DeSmog’s research also raises questions over an oft-cited claim that industry captures 41 million tonnes of CO2 annually — or 0.1 percent of the world’s approximately 37 billion tonnes of energy-related CO2 emissions.

Beyond the consistent underperformance of many CCS projects, DeSmog found that most either strip out CO2 in the process of refining fossil fuels, or use their captured CO2 to push more oil out of the ground — or both. The result: existing CCS projects are enabling the release of a much greater amount of overall CO2 emissions into the atmosphere than they are storing underground. 

For examples, see a summary of the 12 projects DeSmog analysed here.

From Oilman’s Dream to “Climate Solution”

The process of using carbon dioxide to produce more oil, now known industry-wide as enhanced oil recovery, or “CO2-EOR”, was born in the oil fields of Texas in the early 1970s. 

Petroleum engineers from leading oil producers such as Shell, Exxon, and Chevron had discovered that injecting CO2 at high pressure into “mature” or “previously developed” oil reservoirs helped increase the flow of otherwise stubborn hydrocarbons — in essence squeezing more volume out of aging wells. 

Though initial tests found that each ton of injected CO2 could push out an additional two or more barrels of oil, the lack of readily available CO2 made the technique expensive.
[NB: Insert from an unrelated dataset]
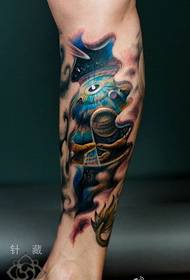 Leg color starry universe cosmic Buddha tattoo pattern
That changed when companies began siphoning off CO2 emitted from several Texas gas processing plants, and piping it to an oil field to boost productivity. To ensure a steady supply, industry agents scoured the region and purchased the rights to mine naturally occurring CO2 deposits in Colorado, New Mexico, and Arizona — eventually building hundreds of miles of dedicated pipelines to transport the gas to oil-field injection points. 

By the late 1970s, amid growing concerns over what was then known as the “greenhouse effect,” industry executives began to propose that capturing CO2 and burying it underground could allow the world to continue generating power from fossil fuels far into the future. In 1992, the Paris-based International Energy Agency (IEA) and other energy organizations established a research program to support developers seeking to prove CCS at scale. 

By the time of the first U.N. climate conferences in the mid-1990s, the oil industry had begun marketing carbon capture as a technological “silver bullet” capable of making coal “clean,” and rendering oil and gas as “low carbon” — a strategy employed by oil majors to this day.

However, capturing CO2 is not the same as avoiding its climate impacts. If that CO2 is then used to directly produce more oil, or if CCS “abatement” is used to suggest that additional oil and gas production is climate-friendly — or in some cases both — then those CCS projects are invariably acting as a net harm to the climate, by actually increasing overall CO2 pollution. 

Carbon dioxide runs through pipes at a North Dakota CCS plant. Credit: Buchsbaum Media.
Carbon dioxide runs through pipes at a North Dakota CCS plant. Credit: Buchsbaum Media.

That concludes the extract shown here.